村上淳が演じる克哉が何をしたかったのかも良く分からんです。冒頭、えらい事件を起こして四国に逃げ、十年後に舞い戻ったかと思いきや突然、モトクロスバイクで門扉のある場所に現れてひと暴れ、走り去って次のシークエンスではまた突然現れたものの村人に寄ってたかって嬲り殺しにされると言う体たらく。ちなみに、このシーンは入江悠監督らしく長回しで撮影され、その画面に溢れる情報量から今作の白眉とも言える名場面なのですが、ぼくは滑稽にすら感じてしまい、「お前たち、一体何をやっているんだ」と小一時間お説教したくなりました。
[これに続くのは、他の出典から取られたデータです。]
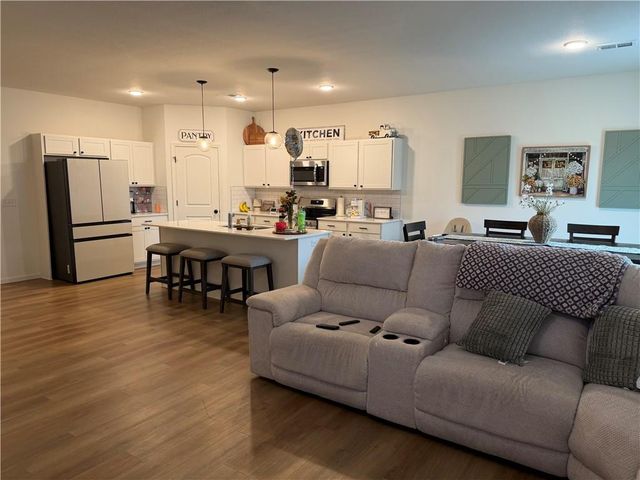 3060 NW 96th Street, Kansas City, MO 64154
ぼくが小学生の頃、部活動でサッカーを始めたのですが、コーチである教師が何度も「ボールに集まるんじゃない!」と注意していました。もっとコートをワイドに使えと。この映画を観ながらそんな事を思い出しました。世界規模、人類全体のお話なのに、とあるコミューンとコミューンの小競り合いくらいにしか見えないんですよ。説明すべきでないところを台詞で説明し、逆に説明すべきエピソードをぽんっと放り投げちゃってる、そんな印象で、ぼくは率直にこれは舞台で観劇するか、あるいは小説で読んだ方がグッとくるだろうな、と感じちゃいました。
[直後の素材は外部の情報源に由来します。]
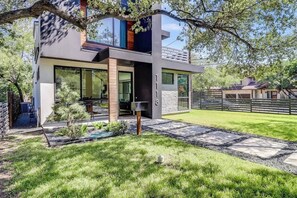 Exterior - Elegant home close to the iconic South Congress St (Austin)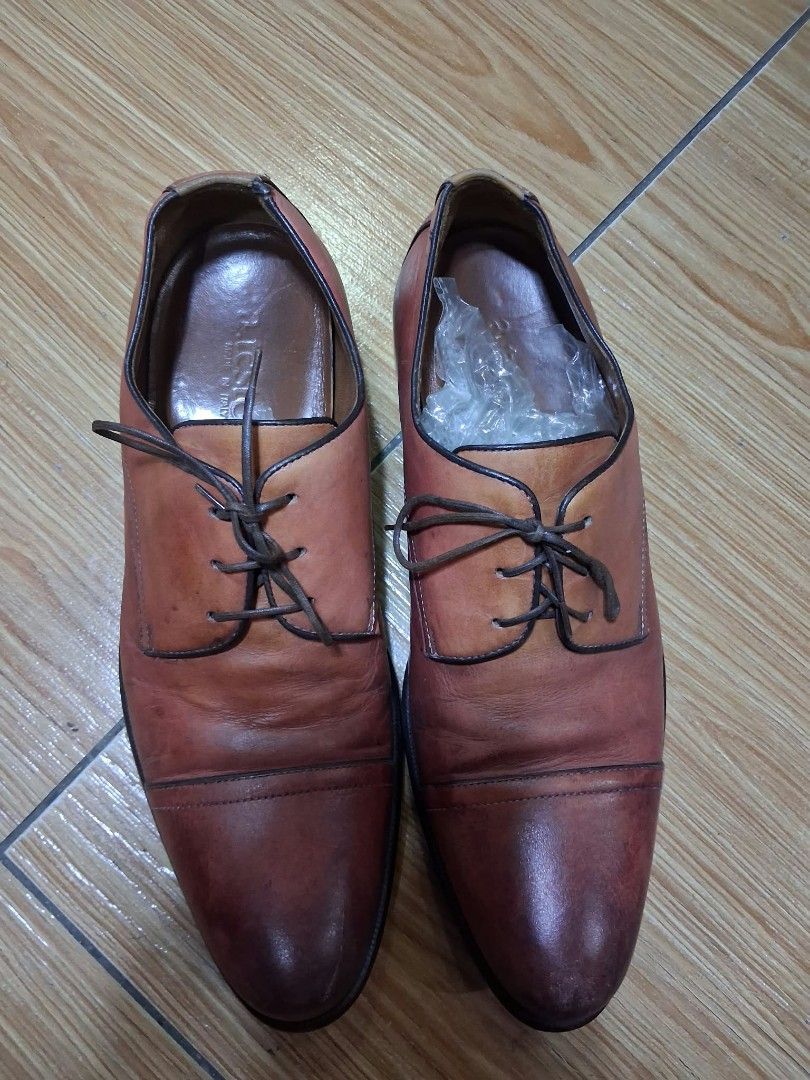 A testonni (Category: Casual Shoes) located in Koronadal. Submitted by glads08089 (Listing ID 1464971358, Image 1). Description: a testonni.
とは言え、おそらくは今作でぼくが違和感を覚えた、あるいは突っ込みどころと感じた部分は入江監督が意図的にやっていることだろうと思います。観る人が観れば、あるいは僕以外の鑑賞者の大半が素晴らしい作品だとの感想を持ったかもしれない。そうなってくると、単純にぼくにある種の感受性が欠落しているのだと言う結論になって「つまんないって思う、お前がつまんないんだ!」と無限鬱ループにハマり、ダークサイドへと落ち込んでいくのです。ただ、ラストのシークエンス、雪が舞い散る橋のシーンの後に画面変わって、小春日和のススキ野原とかおかしいと思うけどなあ。一年経ったのかな。ぶつぶつ…。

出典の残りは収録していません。